New group founded in Brazil by medical students from University of Itaúna (UIT)

From left to right: students Bianca Lisa, Carol Mendonça and Ricardo Miranda, Prof. Dr. Olber Faria (supportive faculty), students Ana Oliveira and César Rabelo. School of Medicine at University of Itaúna (UIT), Brazil.

From left to right: students Bianca Lisa, Carol Mendonça and Ricardo Miranda, Prof. Dr. Olber Faria (supportive faculty), students Ana Oliveira and César Rabelo. School of Medicine at University of Itaúna (UIT), Brazil.

EAT has just been launched at University of Itaúna (UIT), which now becomes the third University in Brazil to integrate the EAT network. The group, led by Bianca Lisa – a 3rd year medical student, is excited with the potential that EAT has to contribute to tobacco control as in a recent study they found a very high prevalence of smoking experimentation in adolescents from local secondary public schools.

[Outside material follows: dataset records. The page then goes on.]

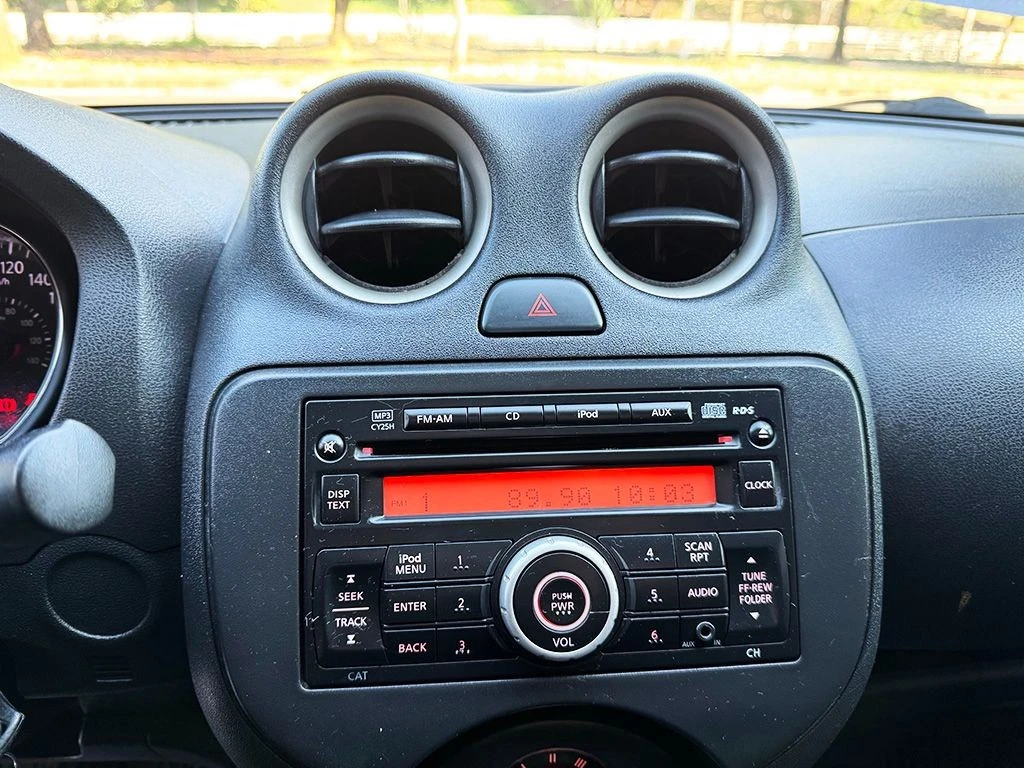 NISSAN VERSA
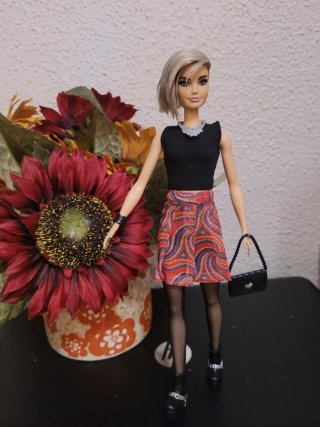 Muñeca con pelo rubio y negro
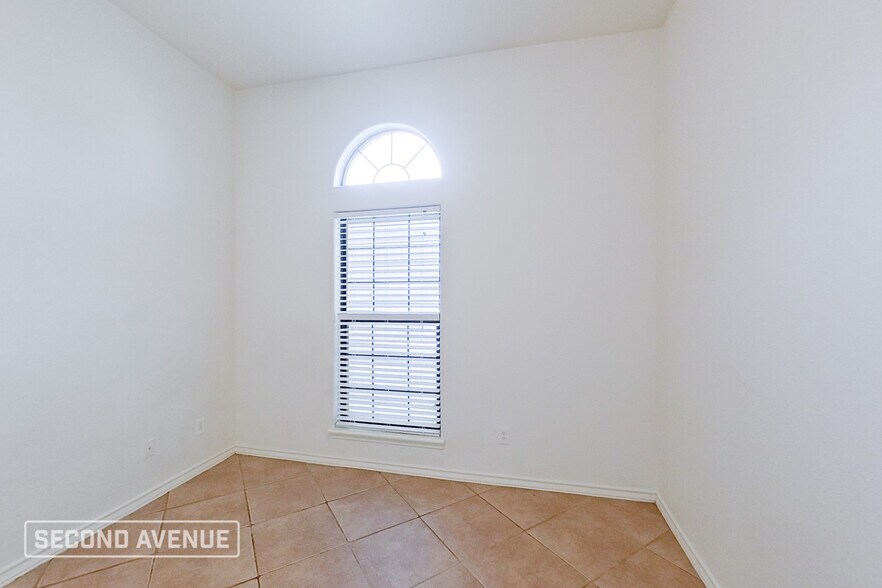 Building Photo - 6821 Windfilled Cir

Bianca, what motivated you to found EAT at UIT?

I believe that as medical students and future physicians, we must fight against tobacco to promote health and prevent diseases. Smoking is the leading preventable cause of death in the world and current trends show that tobacco use will cause more than 8 million deaths annually by 2030. In this scenario, EAT motivates me not only because it is a project of which strategies have been scientifically proven to be effective, but also because it sensitizes me and other medical students for our responsibilities within communities. In addition, as a member of the UIT Pulmonology Interest Group, I engaged in a research to identify the prevalence and associated factors related to tobacco experimentation among students of public high schools in Itaúna. The preliminary results showed us the need of a school-based tobacco prevention program in the city and then EAT has emerged as an extraordinary opportunity.

Tell us a bit about the activities of the UIT Pulmonology Interest Group.

Ricardo Henrique Silva Miranda, 4th year medical student: “The Pulmonology Interest Group at UIT was founded in March 2016. Our members meet once a week to discuss clinical cases and pulmonology issues. Our group held in September 2016 the ‘1st Cardiopulmonary Health Journey’, a symposium in partnership with the Cardiology Interest Group. We also have organized workshops and practical activities on pulmonology and promoted research projects and poster presentations by UIT scholars.”

Could you comment on the tobacco study coordinated by UIT Pulmonology Interest Group and how it may relate to EAT? 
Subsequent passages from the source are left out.